# [Task objective]
Transcribe the lines below exactly. No image belongs in the transcription.

Task inputs START

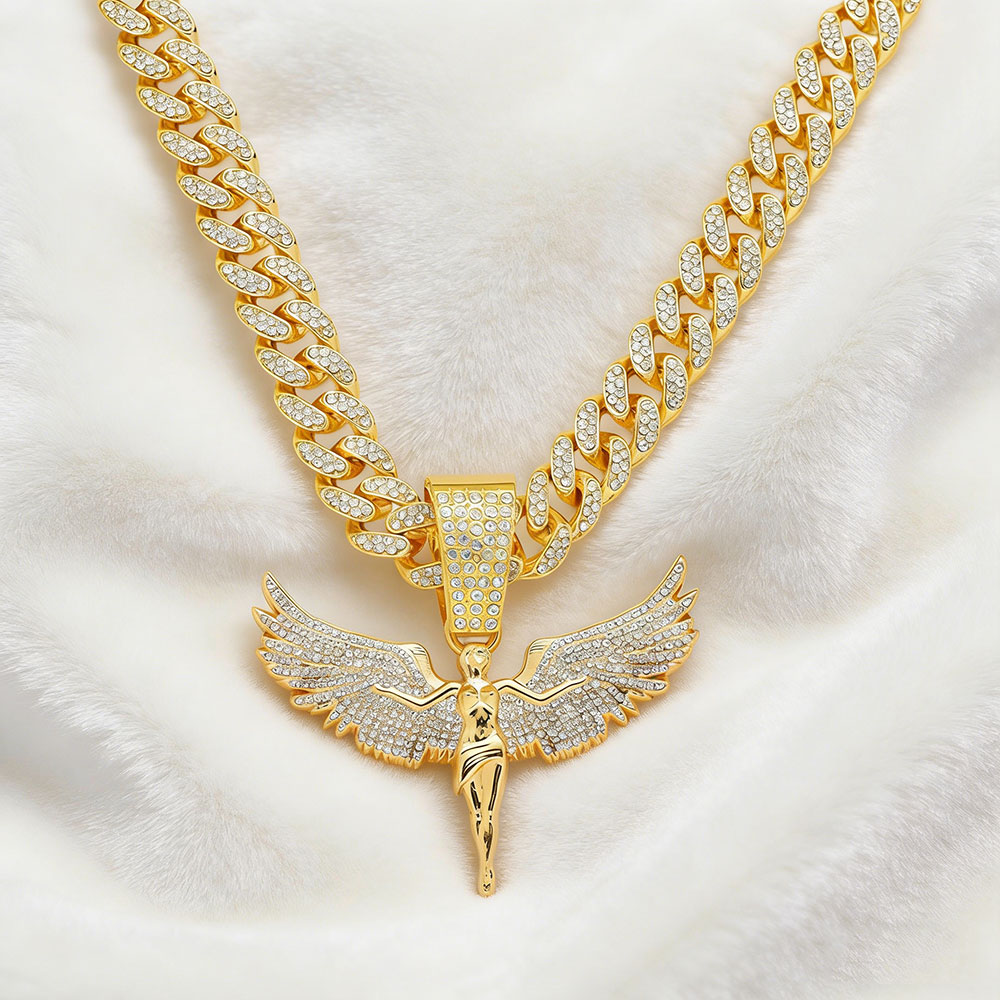 Archangel Winged Guardian Pendant - Divine Protection & Abundance Cuban Chain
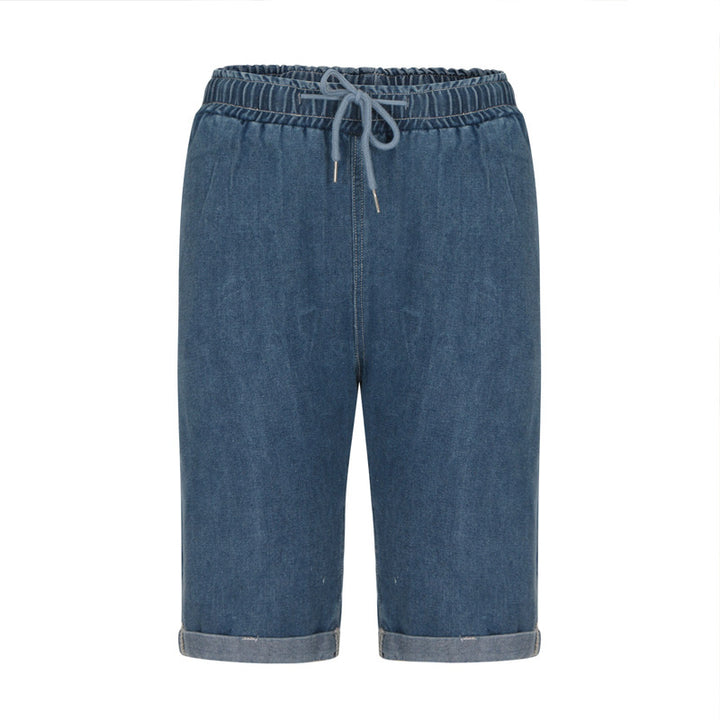 Dame Denim-Bermudaer med justerbar snor og opfoldet kant Stilla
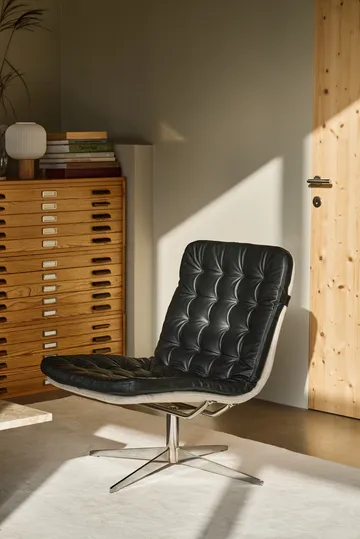 Loholm fauteuil met draaifunctie - Zwart leer-Bern Beige 0341 - 1898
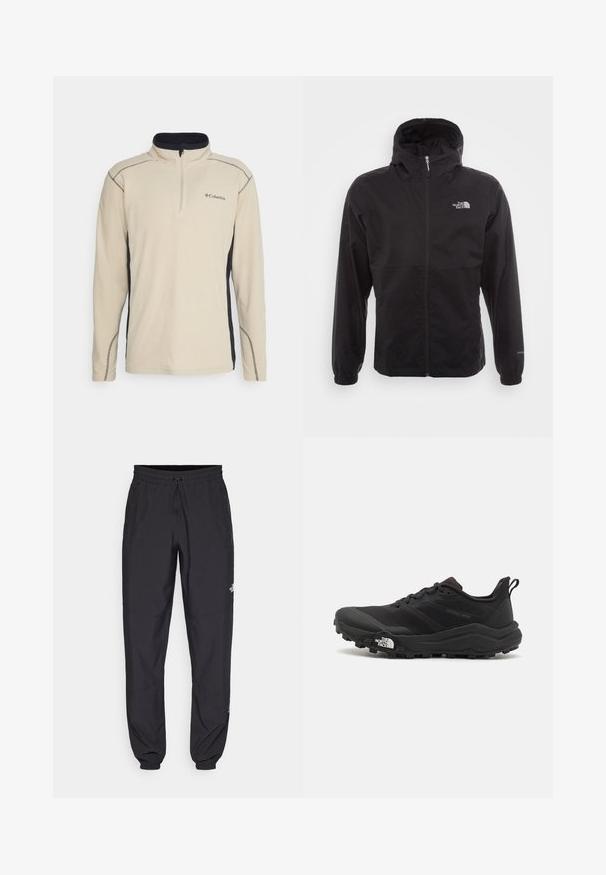 Crna vodootporna jakna s punim patentnim zatvaračem, podesivim kapuljačom, elastičnim manžetama i logom na prsima; lagana, glatke teksture.; Bež flis pulover s crnim bočnim panelom, četvrtastim zatvaračem sprijeda i kontrastnim šavovima. Sadrži mali logo na prsima.; Crne sportske hlače od lagane tkanine, s pojasom na vezanje, bočnim džepovima i suženim manžetama na gležnjevima.; Crne trail trkačke cipele s teksturiranim gornjim dijelom, gumeni potplat i ojačana zaštita za prste. Imaju podstavljen ovratnik i trakicu za lakše obuvanje.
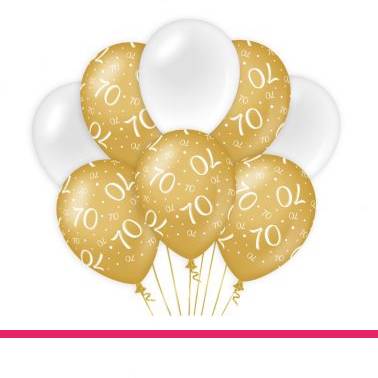 Ballonnen 70 jaar goud wit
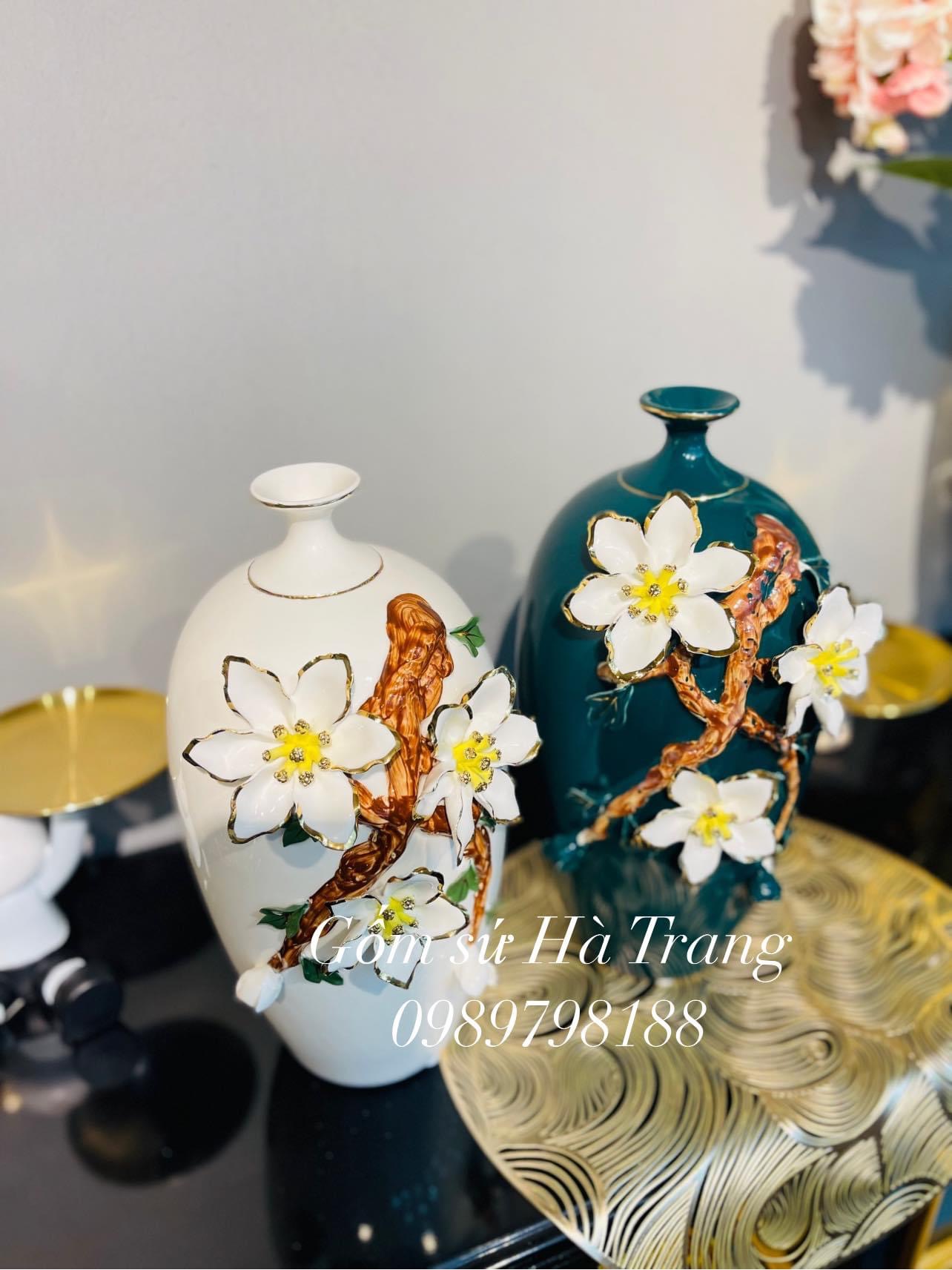 Lọ hoa gốm sứ cao cấp cao 33cm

Task inputs END

# [Solution to this task]
 Archangel Winged Guardian Pendant - Divine Protection & Abundance Cuban Chain
 Dame Denim-Bermudaer med justerbar snor og opfoldet kant Stilla
 Loholm fauteuil met draaifunctie - Zwart leer-Bern Beige 0341 - 1898
 Crna vodootporna jakna s punim patentnim zatvaračem, podesivim kapuljačom, elastičnim manžetama i logom na prsima; lagana, glatke teksture.; Bež flis pulover s crnim bočnim panelom, četvrtastim zatvaračem sprijeda i kontrastnim šavovima. Sadrži mali logo na prsima.; Crne sportske hlače od lagane tkanine, s pojasom na vezanje, bočnim džepovima i suženim manžetama na gležnjevima.; Crne trail trkačke cipele s teksturiranim gornjim dijelom, gumeni potplat i ojačana zaštita za prste. Imaju podstavljen ovratnik i trakicu za lakše obuvanje.
 Ballonnen 70 jaar goud wit
 Lọ hoa gốm sứ cao cấp cao 33cm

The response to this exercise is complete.